On 2018-07-27 12:23, Stefan G. Weichinger wrote:
Am 27.07.2018 um 17:02 schrieb Jean-Francois Malouin:
You should also consider playing with dumporder.
I have it set to 'TTTTTTTT' and that makes the longest (time wise)
dumps go first so that the fast ones get push at the end.
In one config I have:
dumporder "TTTTTTTT"
flush-threshold-dumped 100
flush-threshold-scheduled 100
taperflush 100
autoflush yes
so that all the dumps will wait until the longest one are done.
It also won't go until it can fill one volume (100%). You can
obviously go further than that if you have enough hold disk.
Or at least it's my understanding...
(the ML was down for a while, so that's the reason for my delayed
response, it should work now)
I checked "dumporder" in that config, it was "BTBT...", I changed it to
"TTT..." now for a test.
Although I am not 100% convinced that this will do the trick ;-)
We will see.
I never fully understood that parameter and its influence so far, to me
it's a bit "unintuitive".
Perhaps I can help with that.
Part of what Amanda's scheduling does is figure out the size that each
backup will be on each run (based on the estimate process), how much
bandwidth it will need while dumping (based on the bandwidth settings
for that particular dump type), and the amount of time it will take
(predicted based on the size, prior timing data, and possibly the
bandwidth). That information is then used together with the 'dumporder'
setting to control how each dumper chooses what dump to do next when it
finishes dumping. Each letter in the value corresponds to exactly one
dumper, and controls only that dumper's selection.
The size-based selection is generally the easiest to explain, it just
says to pick the largest (for 'S') or smallest (for 's') dump out of the
set and run that next.
The bandwidth-based selection is only relevant if you have bandwidth
settings configured. Without them, it treats all dumps as equal, and
picks the next dump based solely on the order that amanda has them
sorted (which, IIRC, matches the order found in the disk list). With
them, it uses a similar selection method to the size-based selection,
just looking at bandwidth instead of size.

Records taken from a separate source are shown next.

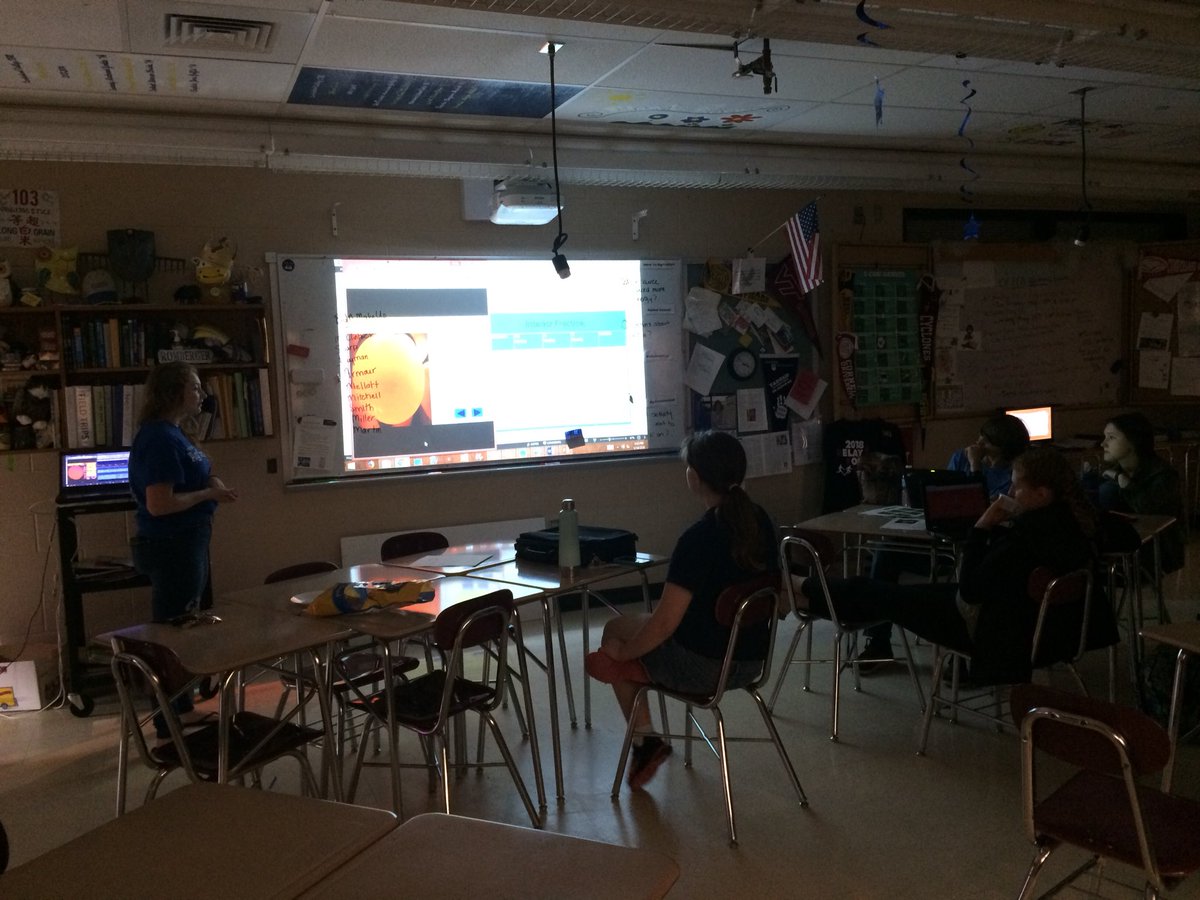 CV_FFA1954's tweet photo. #PoultryJudging team working hard with @gates_alicia learning about Egg Grading! π₯π₯π₯ #Teamwork #GreatAlumni #ICanWeWillFFA https://t.co/bK04KkZjAK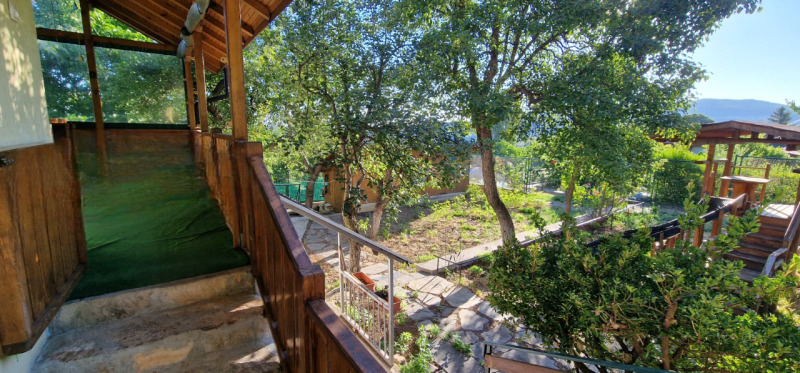 Продава КЪЩА, с. Извор, област Пловдив, снимка 3 - Къщи - 52386488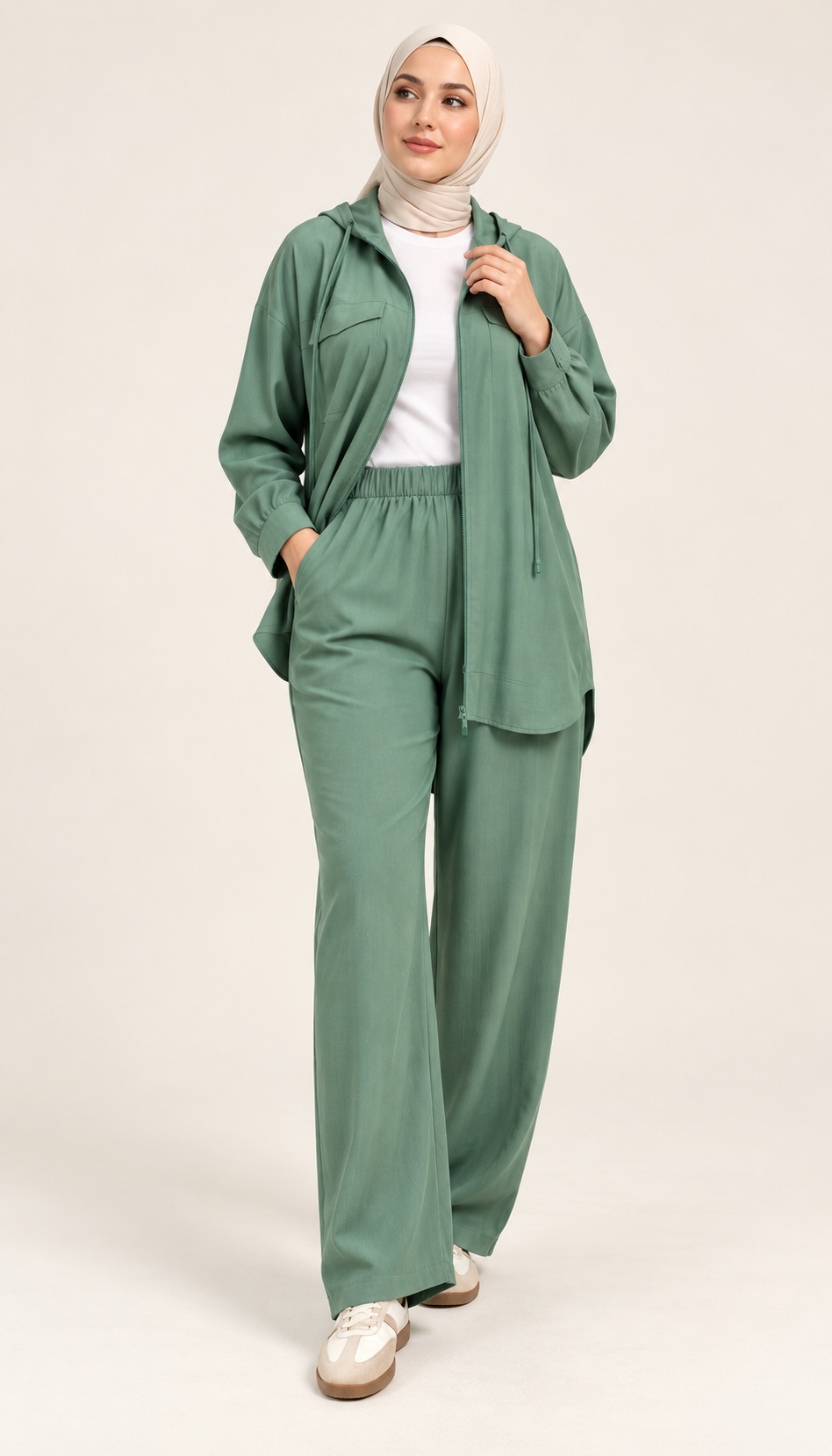 Ensemble veste zippée à capuche et pantalon large — Vert jade — photo studio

The time-based selection is where things get tricky, but they get tricky
because of how complicated it is to predict how long a dump will take,
not because the selection is complicated (it works just like size-based
selection, just looking at estimated runtime instead of size). Pretty
much, the timing data is extrapolated by looking at previous dumps of
the DLE, correlating size and actual run-time. I'm not sure what
fitting method it uses for the extrapolation (my first guess would be
simple linear extrapolation, because that's easy and should work most of
the time), and I'm also not sure what, if any, impact bandwidth has on
the calculation.
So, in short you have:
* 'S' and 's': Simple deterministic selection based on the predicted
size of the dump.
* 'B' and 'b': Simple deterministic selection based on bandwidth
settings if they are defined, otherwise trivial FIFO selection.
* 'T' and 't': Not quite deterministic selection based on predicted
execution time of the dump process.
So, for a couple of examples:
* The default setting 'BTBTBTBT' This will have half the dumpers select
dumps that will take the largest amount of time, and the other select
the ones that will take the largest amount of bandwidth. This works
reasonably well if you have bandwidth settings configured and wide
variance in dump size.
* What you're looking at testing 'TTTTTTTT': This is a trivial case of
all dumpers selecting the dumps that will take the longest time. If
you're dumping almost all similar hosts, this will be essentially
equivalent to just selecting the largest. If you're dumping a wide
variety of different hosts, it will be equivalent to selecting the
largest on the first dump, but after that will select based on which
system takes the longest.
* What I use on my own systems 'SSss' (I only run four dumpers, not
eight): This is a reasonably simple option that gives a good balance
between getting dumps done as quickly as possible, and not wasting time
waiting on the big ones. Two of the dumpers select whatever dump is the
largest, so that some of the big ones get started right away, while the
other two select the smallest dumps, so that those get backed up
immediately. I've done some really simple testing that indicates that
this actually gets all the dumps done faster on average than the default
for the case of all your systems being able to dump data at the same rate.
* What we use where I work 'TTSSSSss': This is one where things get a
bit complicated. There are three different ways things get selected
here. First, two of the eight dumpers will select dumps that are going
to take the longest amount of time. Then, you have four that will pull
the largest ones, and two that will pull the smallest. This gets really
good behavior where I work because we have a handful of decade old
systems that we need to keep backed up which take _forever_ to back up,
but most of our other systems are new and don't take too long. On the
first dump, this is equivalent to 'SSSSSSss', but after that, the slow
systems get priority to run while everything else is dumping even though
they are not the largest or smallest dumps, so the backup process
doesn't stall out waiting on them to finish at the end.